Romanian football club

Club Sportiv Orășenesc Ovidiu, commonly known as CSO Ovidiu, or simply as Ovidiu, is a Romanian amateur football team based in Ovidiu, Constanța County, founded on 27 July 2004. The club is currently playing in the Liga IV – Constanța County.

The team represents the football section of the multi-sport club CSO Ovidiu, which also include basketball, Rugby, Weightlifting, Martial arts, Gymnastics and Kayak-Canoe sections.

==History==
In 2005–06 season, with Sevastian Iovănescu as head coach, Ovidenii won the Divizia D – Constanța County and the promotion play-off against Razim Jurilovca, the winner of the Divizia D – Tulcea County, 2–0 on neutral ground at Fetești. The lineup was composed of following players: Nicola - Robert Dulan ('75 Claudiu Moraru), C.Oprea, Meiroșu, Voiculescu ('70 Munteanu) - Della, Cristian Ciuciuleacă, Tăbăcaru, Tănase - L. Curt ('75 Stavrositu), Arău (65 Iancu).

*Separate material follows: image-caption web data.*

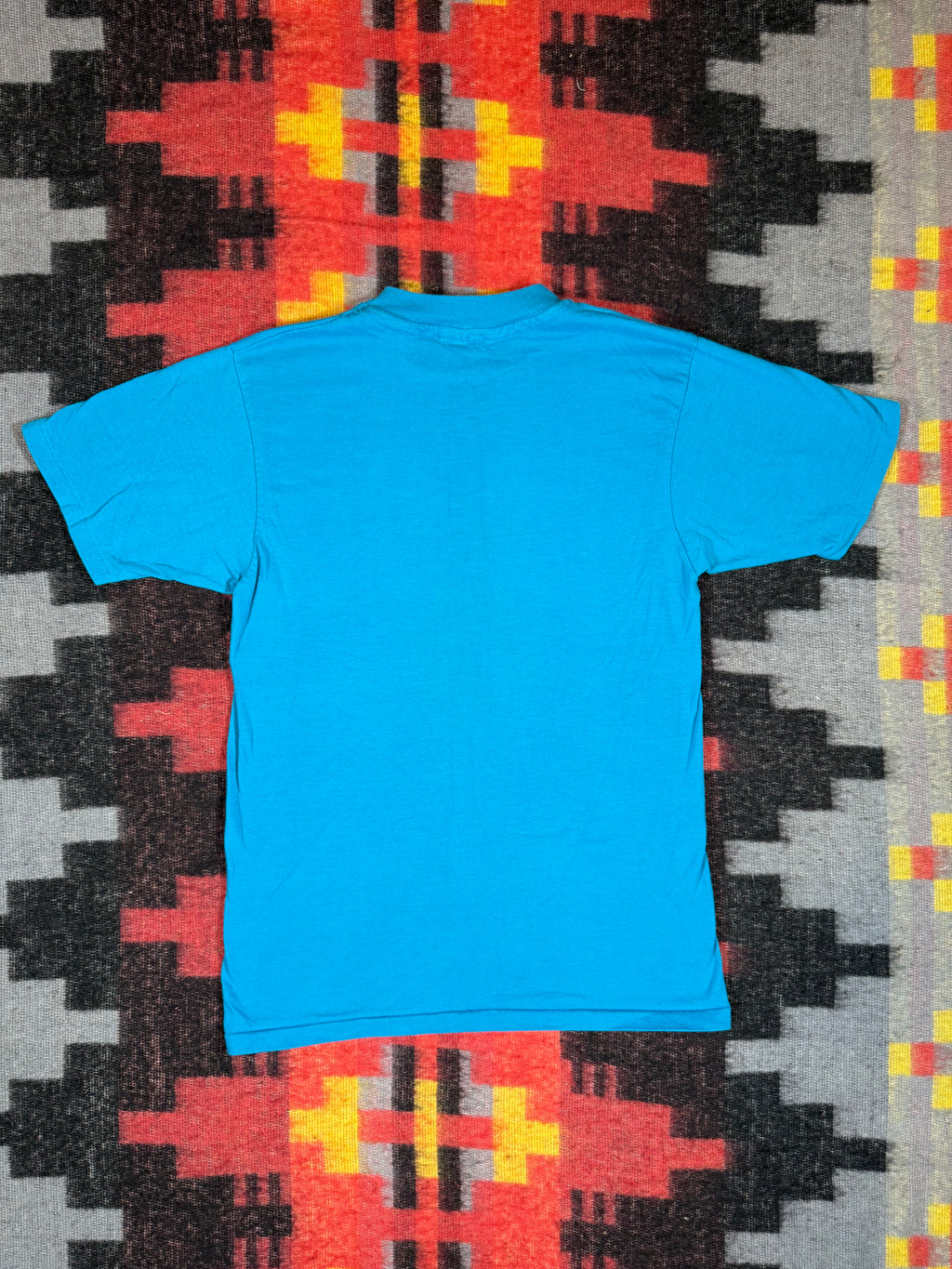 Vintage 90s Phipps Conservatory Pittsburgh Tee (S)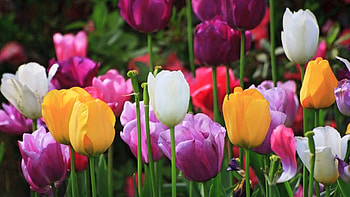 Flowers, Tulips, Plant, Macro, Multicolored, Motley, Field HD wallpaper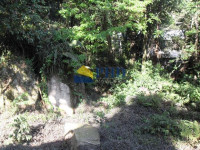 TERRENO  1310m² 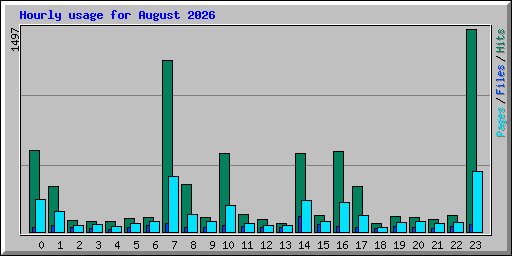 Hourly usage for August 2026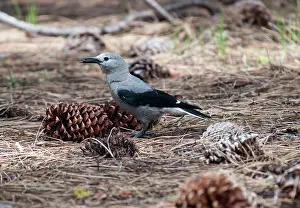 Columbiana: Clark's Nutcracker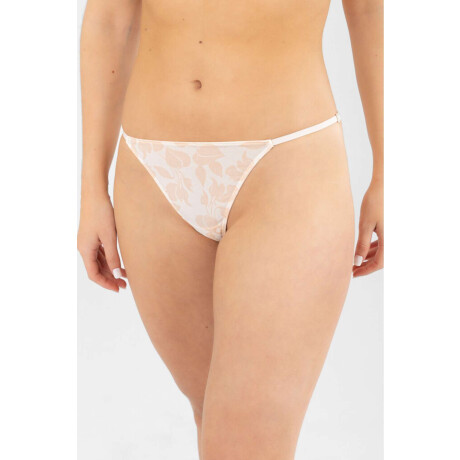 Colaless tiritas verbena Beige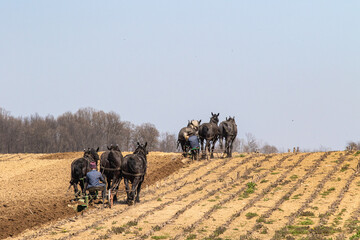 Two Amish Men with their Team of Horses Plowing a Field on a Hill | Holmes County, Ohio
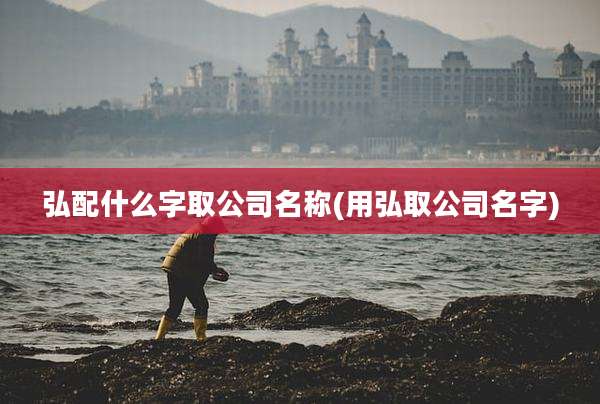 弘配什么字取公司名称(用弘取公司名字)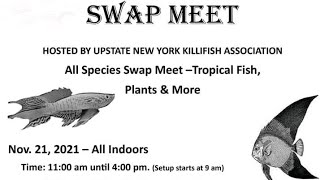 UPSTATE NEW YORK KILLIFISH SWAP. BONUS RUNNING INTO AN AWESOME FELLOW YOUTUBER AND HER FAMILY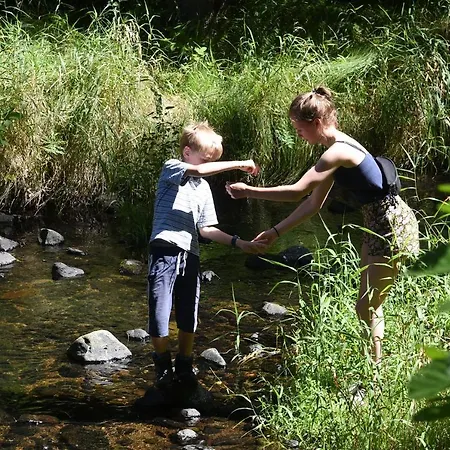 Gruensteinhof - Rotstein *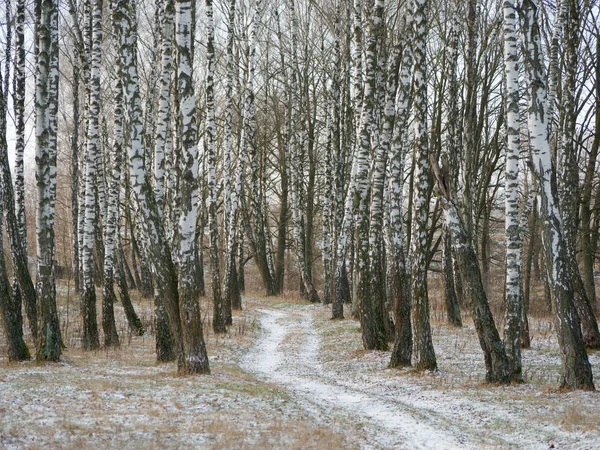 First snow. winter forest snowy white road — Stock Photo, Image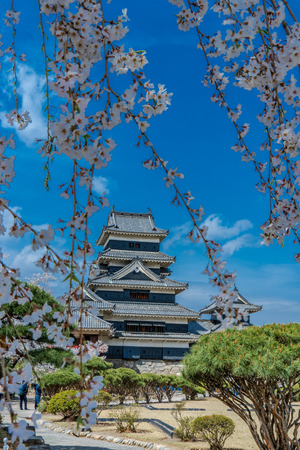 Matsumoto Castle with cherry blossoms in springのeditorial素材
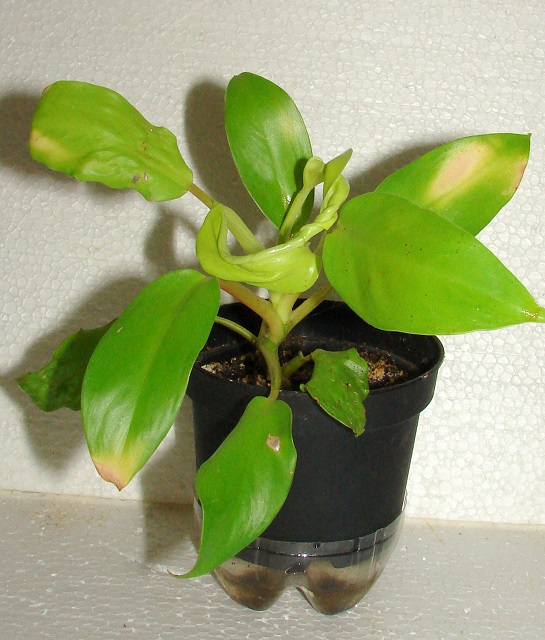 DSC05980af.jpg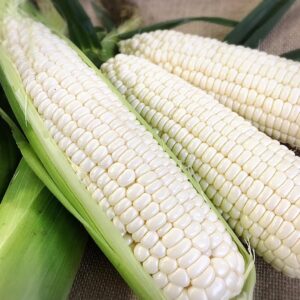 Buyer:  Non-GMO Maize buyer from Kenya is looking for Non-GMO Maize supplier. Quantity: 12,500 MT, Quality: Grade A, White Colour Destination: Mombasa Port ,Kenya. Contact : +251904944444 | +251967732748 | WhatsApp | Email : md@tradethiopia.com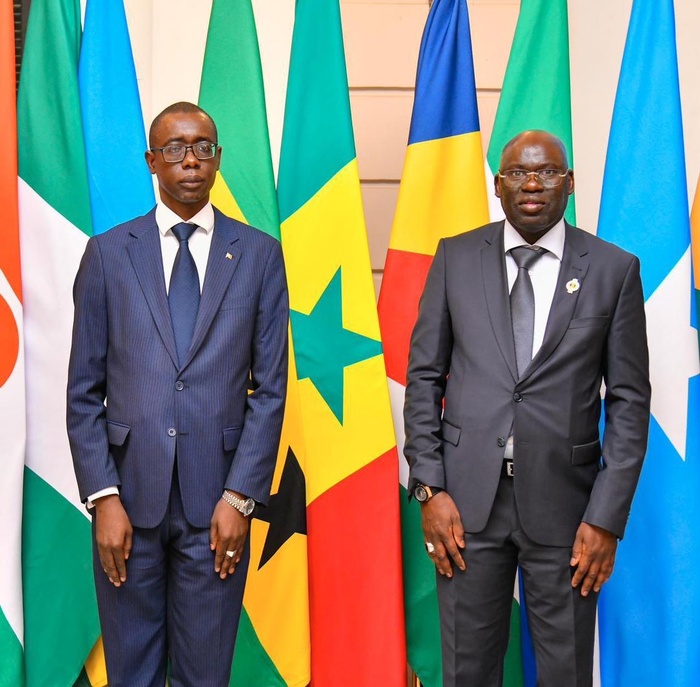 L'Université du Caire célèbre l'Afrique : Le Sénégal à l'honneur, représenté par son député Mbaye Dione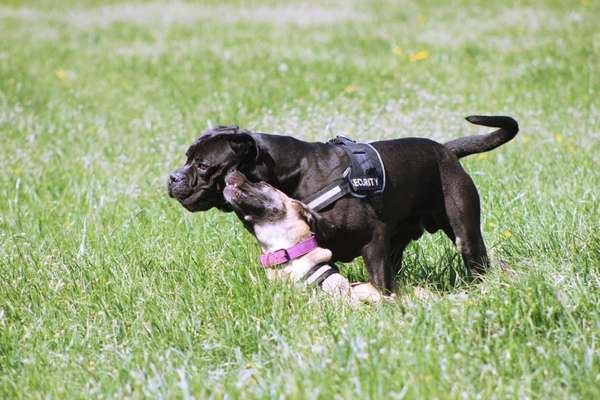 Ein Bild der großen Liebe eures Hundes-Beitrag-Bild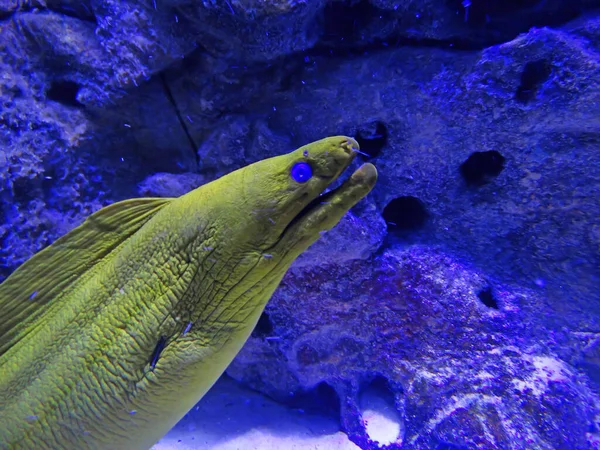 Морей Угорь Воде Желтая Морена Коралловых Рифах — стоковое фото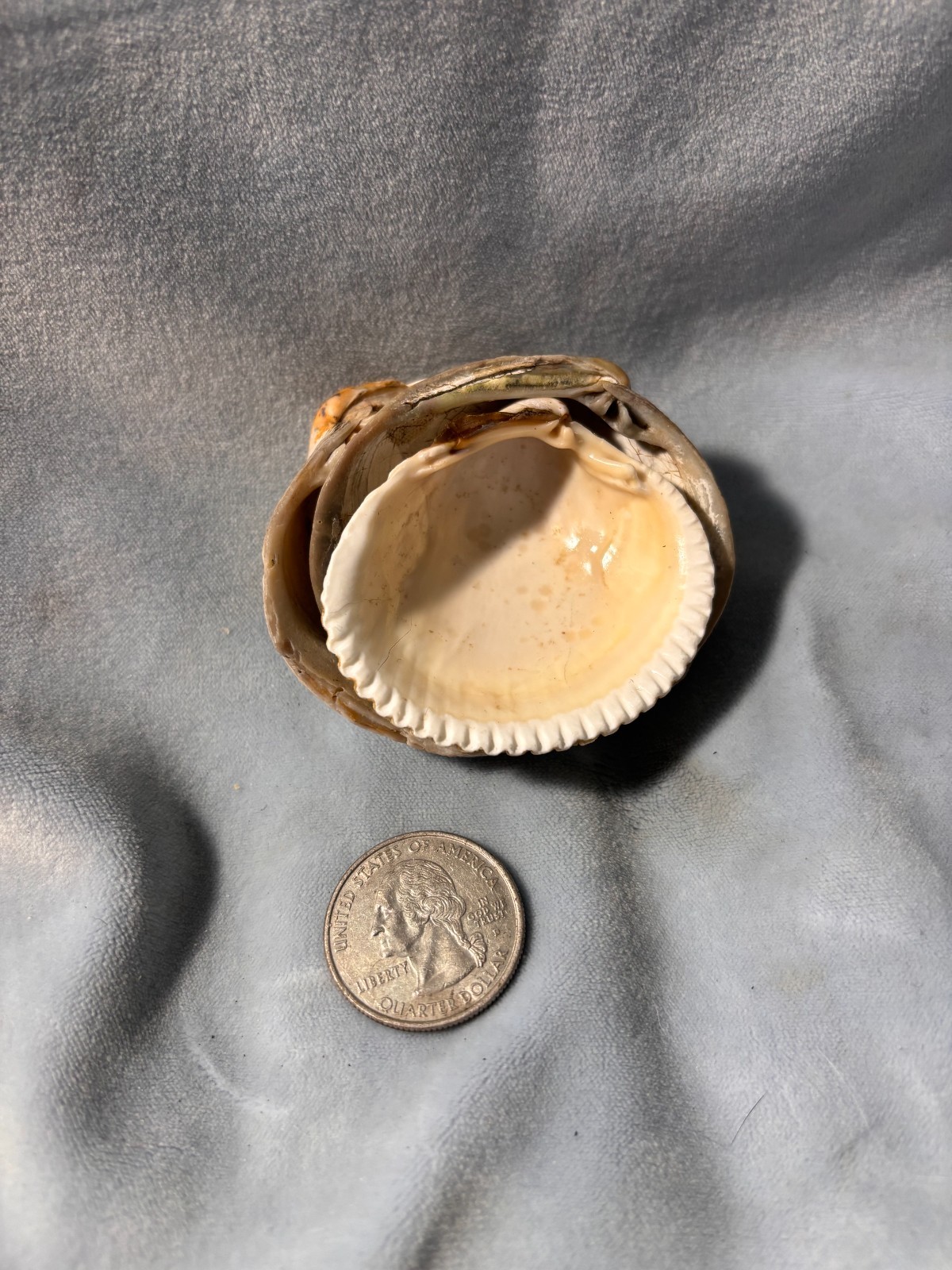 California Beach Shell Lot, Stackable Sea shells 63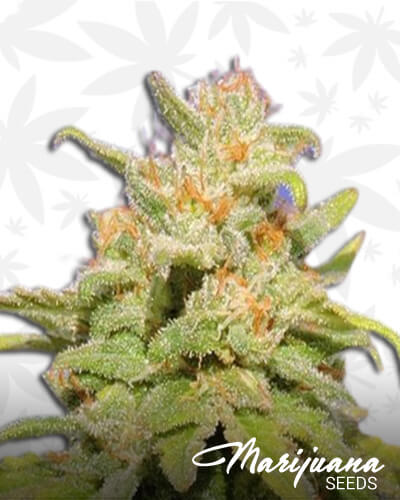 White Crystal Meth Auto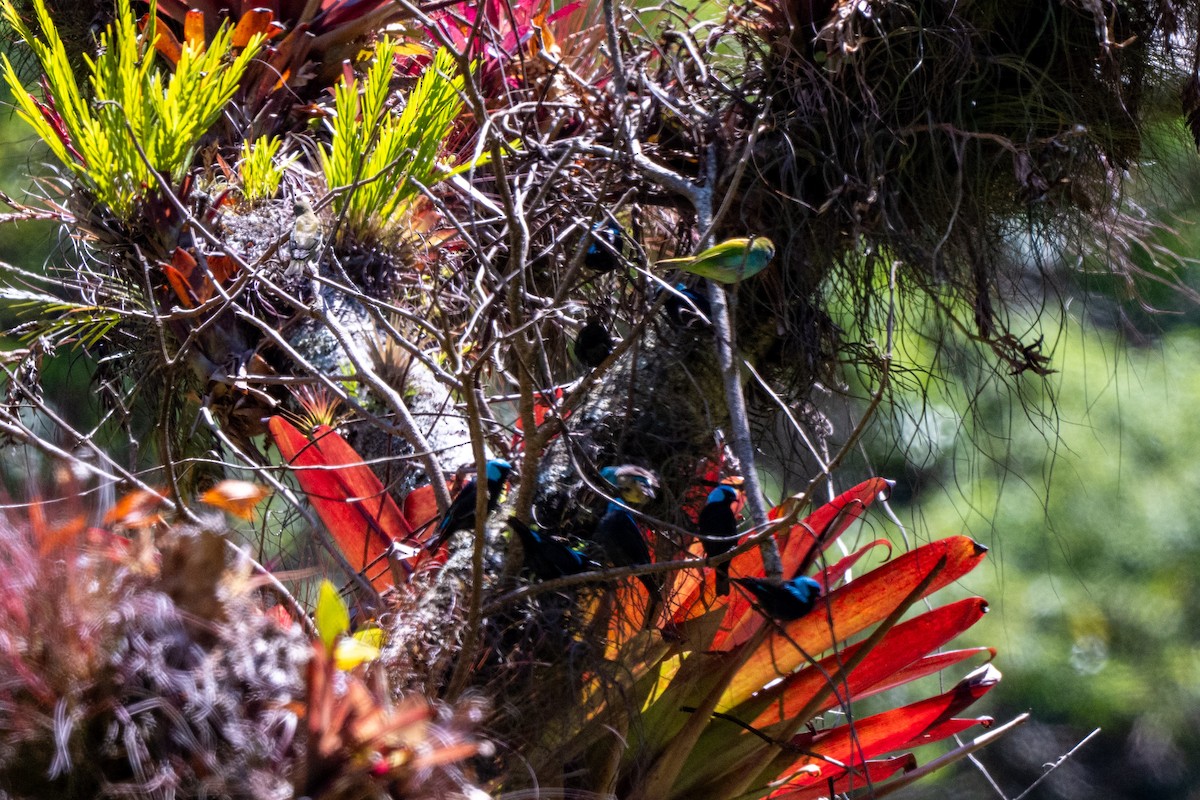 Scarlet-thighed Dacnis - ML643776399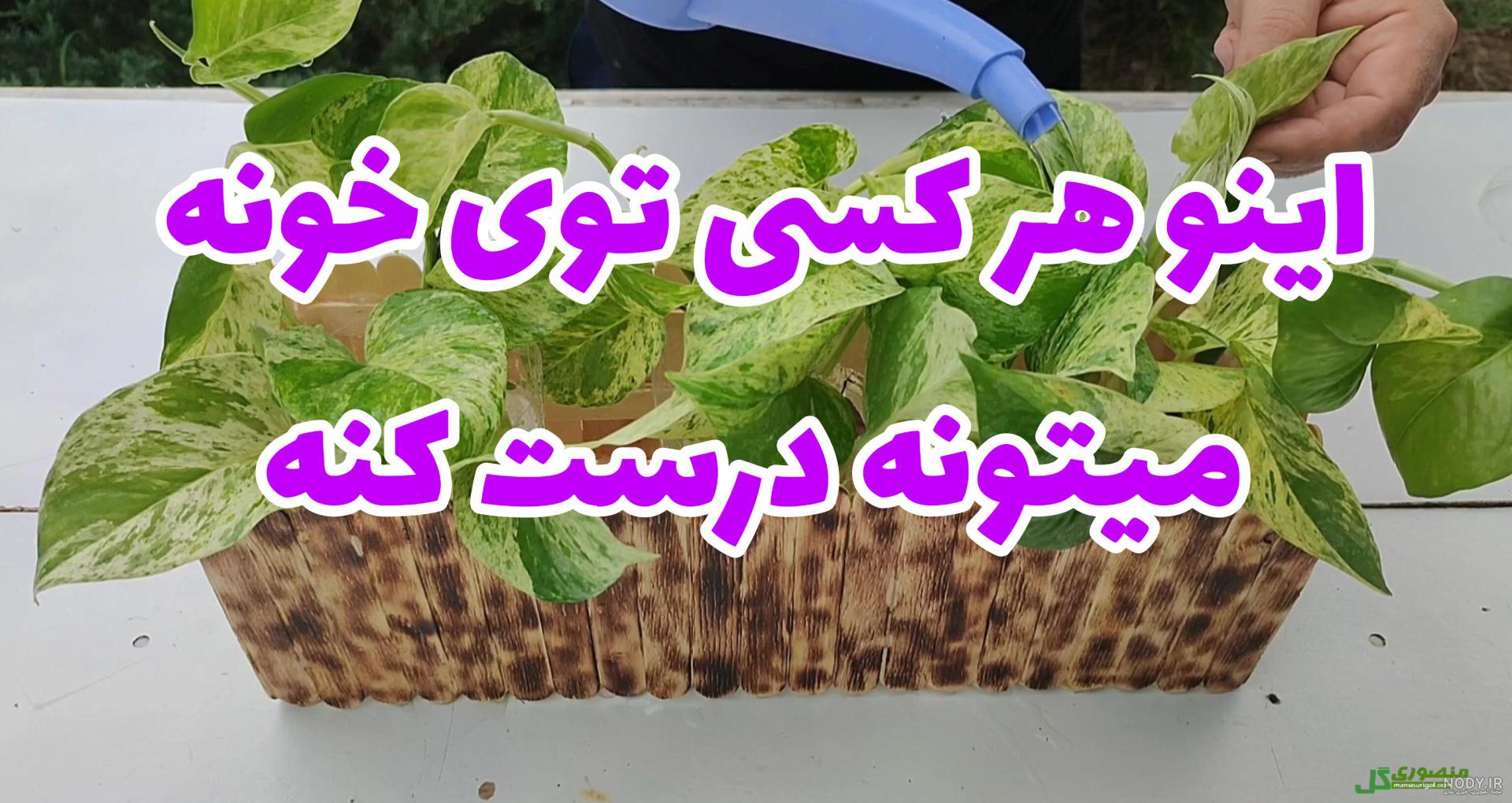 آموزش ساخت سبزه کوزه ای برای عید آموزش ساخت سبزه کوزه ای برای عید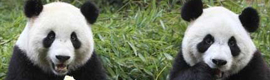 Panasonic and Zoo Ueno offer live images of panda life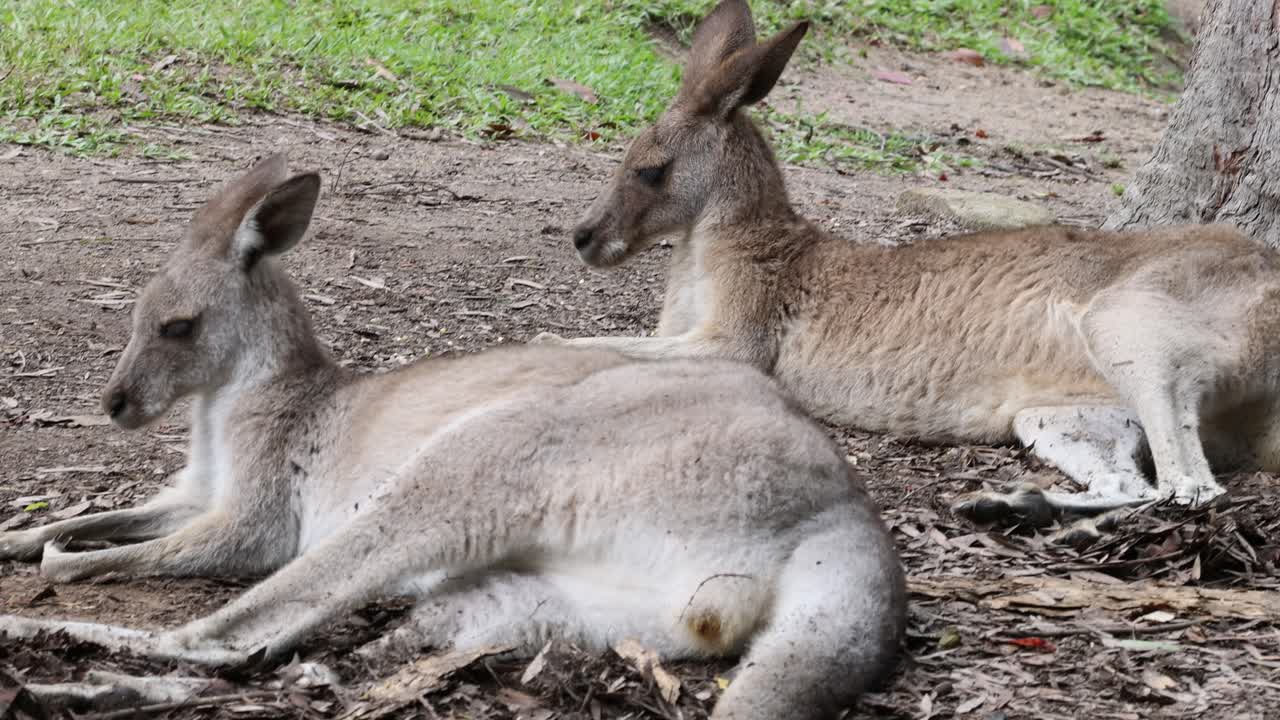canguro descansando pacíficamente en el suelo del bosque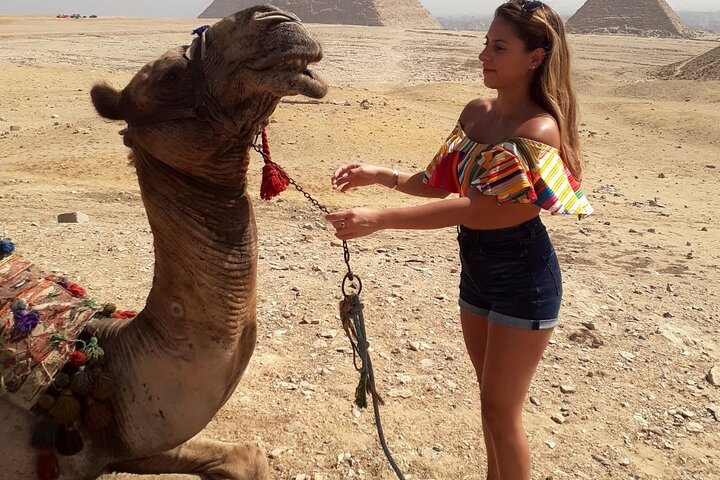 Cairo 8 Hour Private Tour of Pyramids & Grand Egyptian Museum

In Liga III, strengthened with some experienced players such as Marius Axinciuc, Norbert Niță and Constantin Borza or youngsters such as Vlad Achim, Cornel Ciobanu and M. Bejan, the team from Ovidiu has a very good start of the season being in the 2nd place after nine rounds, but Iovănescu leaves the club for the second team of Farul Constanța and the team was led until the end of the first part of the season by Axinciuc as a player-coach. From January 2007, Gheorghe Ciurea took over as manager for the rest of the campaign and led the team to finish the 2006–07 season on 11th place.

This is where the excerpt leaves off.